From James Dean to Karl Lagerfeld, from Breakfast at Tiffany's to They Live: black sunglasses are as notorious as the celebrities they conceal. In February 2018, New York Surrealist ClockWork Cros brings more than 400 double-cut clock portraits -- all behind sunglasses -- to the heart of Hollywood to confront this legacy of glamorous detachment.
In Shade, Crosby presents a floor-to-ceiling installation that explores how sunglasses mediate control, composure and mystique between idols and their viewers. With hundreds of clocks depicting icons of stage and screen, Crosby interrogates Hollywood’s bright lights from a New York vantage, asking what remains when eyes are left unseen. Do stars become someone else behind sunglasses? Or, as Crosby posits, are shades a mask that nevertheless reveal the true self?

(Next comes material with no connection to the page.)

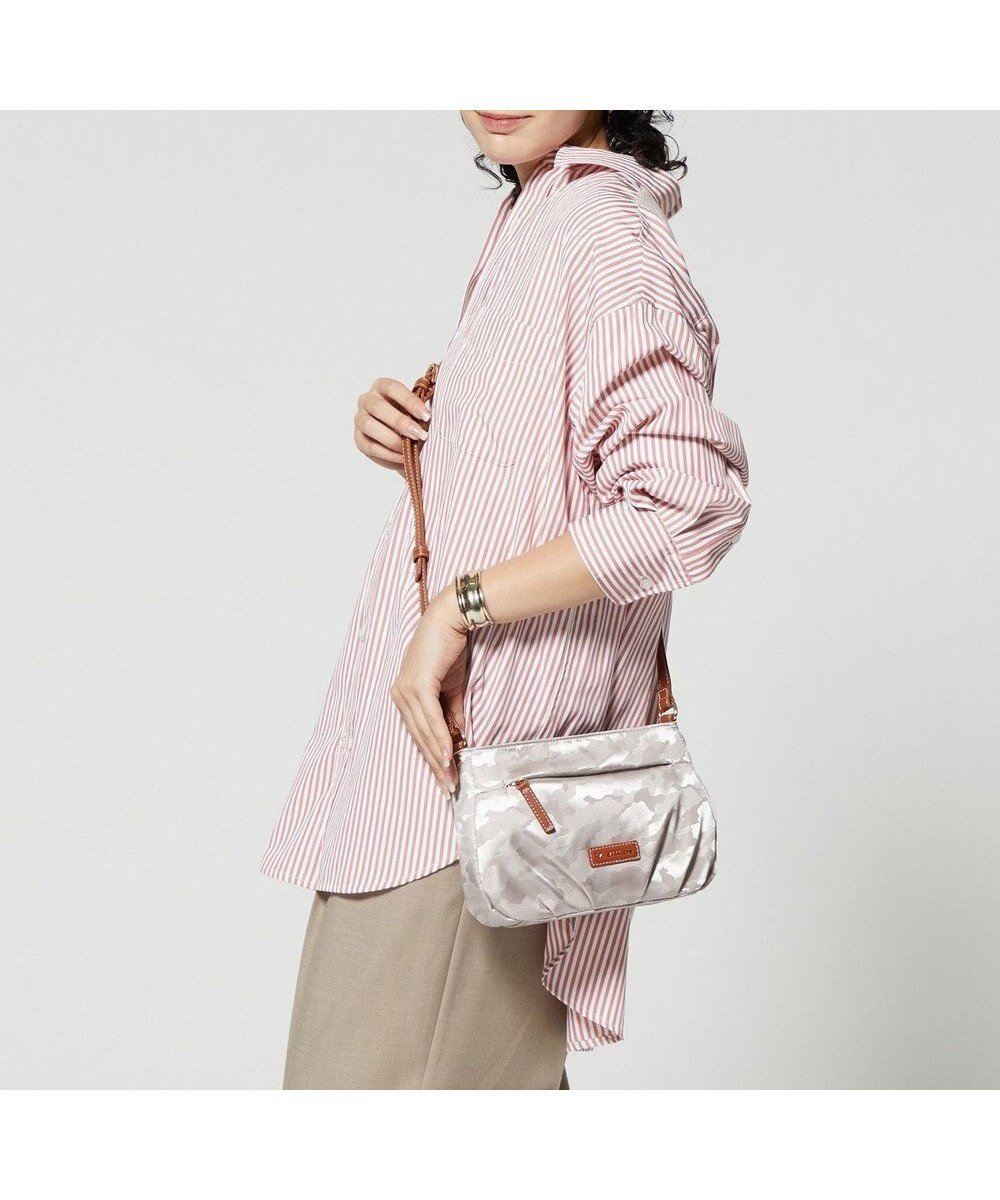 【ラ バガジェリー/LA BAGAGERIE】のシャドージャカード ショルダーバッグ 人気、トレンドファッション・服の通販 founy(ファニー) ファッション Fashion レディースファッション Fashion for Women バッグ Bags エレガント 上品 Elegant コンパクト Compact, Small Size シャドー Shadow, Subtle Pattern ジャカード/ジャガード Jacquard, Woven Pattern スマート Smart, Elegant 財布 Wallet, Purse トラベル Travel, Travel Gear ハンカチ Handkerchief, Hanky ポケット Pocket, Pocket Detail マグネット Magnet, Magnetic Closure リップ Lip, Lip Motif おすすめ Recommended / Our Picks ビジネス 仕事 通勤 Business / Work / Commuting other-1|ID: prp329100004672816 ipo3291000000034286816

Shade is the first Los Angeles solo exhibition by ClockWork Cros. His hand-built clocks explore the disposability of celebrity and confront the longevity and reputation of an iconic life by placing time itself on the face of the subject. Crosby’s clocks have shown in galleries, art fairs and collections throughout the world, including the Future Hive at The Seventh Letter, Wallplay’s lounge at ComplexCon and multiple exhibitions at Art Basel Miami Beach, as well as The Armory Show and Frieze New York. A native of the Lower East Side of Manhattan, Crosby lives and works in New York.
Shade opens February 24, 2018 and will run until March 22 at de Plume Gallery in East Hollywood. Recent exhibitions at de Plume include Gateway to the Moon 3.0, described by Los Angeles Magazine as “a dizzying display of geometry . . . calculated and precise,” and The Intro, showing international emerging talent.